The black tripod stands on a pink patterned rug, its legs angled toward a wooden chair that holds a closed equipment case. Behind them, shelves overflow with books, seashells, a bone jaw, and framed photographs. The walls are two different colours—peeling yellow on the left, distressed teal on the right—and are pinned with prints and pictures. The light comes from the left, casting soft shadows across the rug and the chair’s polished wood.

A studio is supposed to be where things are made, but here the only thing pointed at the chair is the tripod itself. The camera is absent, or perhaps it is the one taking the picture. The shelves are not a backdrop; they are the archive. The walls are not a set; they are peeling. This is not a stage for a portrait but a still life of the tools that make portraits.

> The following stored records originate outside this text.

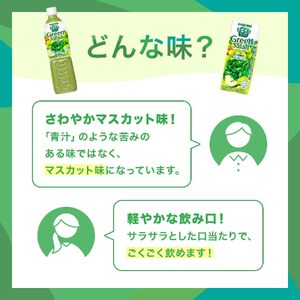 【定期便7ヶ月連続お届け】カゴメ 野菜生活100 グリーンサラダ 200ml 24本 野菜ジュース 果実ミックスジュース 紙パック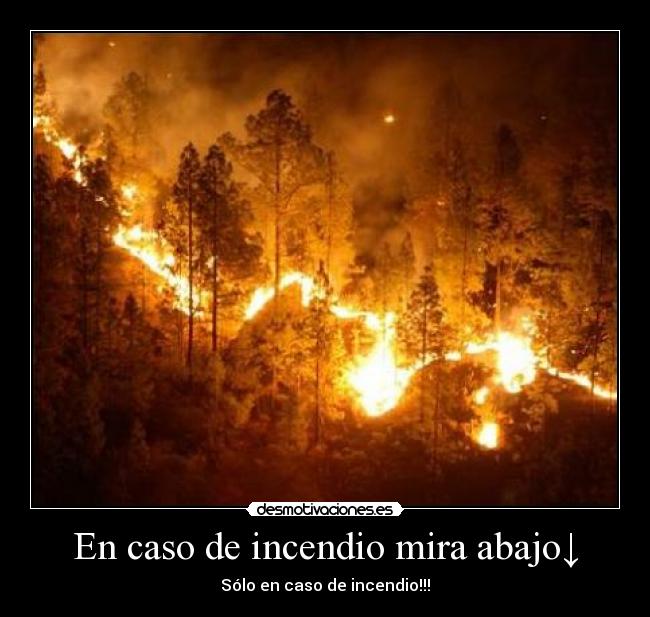 En caso de incendio mira abajo↓ - 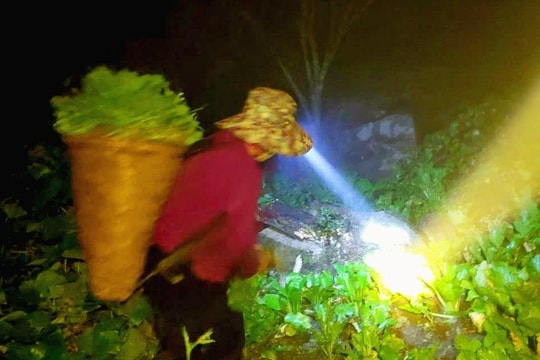 Đỏ đèn lên núi hái rau cải ngồng, nông dân rẻo cao Nghệ An kiếm tiền triệu mỗi ngày
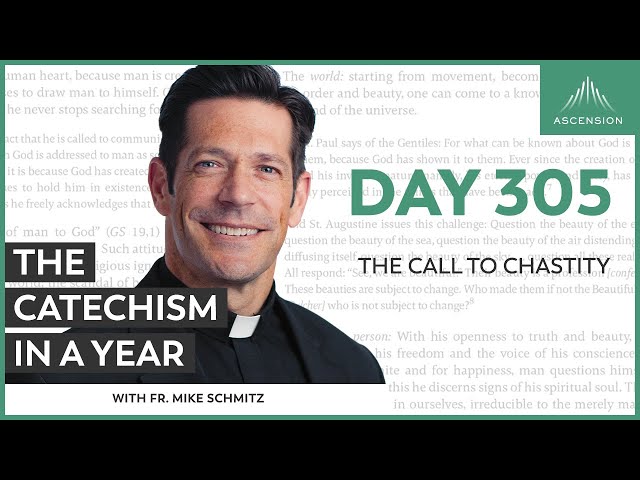 Day 305: The Call to Chastity — The Catechism in a Year (with Fr. Mike Schmitz)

The title calls it an “easy illusion.” That feels both accurate and too helpful. The clutter is real, the wear is real, the light is real—everything the eye can trust is here. Yet the arrangement—tripod aimed at an empty chair, the shelves curated like a museum of a working life—creates a second layer: the illusion that this scene is accidental. The photograph wants to have it both ways: to show the mess of making and to frame that mess as a composition.

Easy Realism distrusts the slick image. This picture is anything but slick. Its tension lies in that distrust: it refuses to clean up, yet it cannot help but compose. That may be its limit. The illusion is not that the studio exists, but that its existence can be shown without becoming a picture. I am not sure it succeeds. The tripod gives the game away: we are looking at a setup, even if the walls are peeling.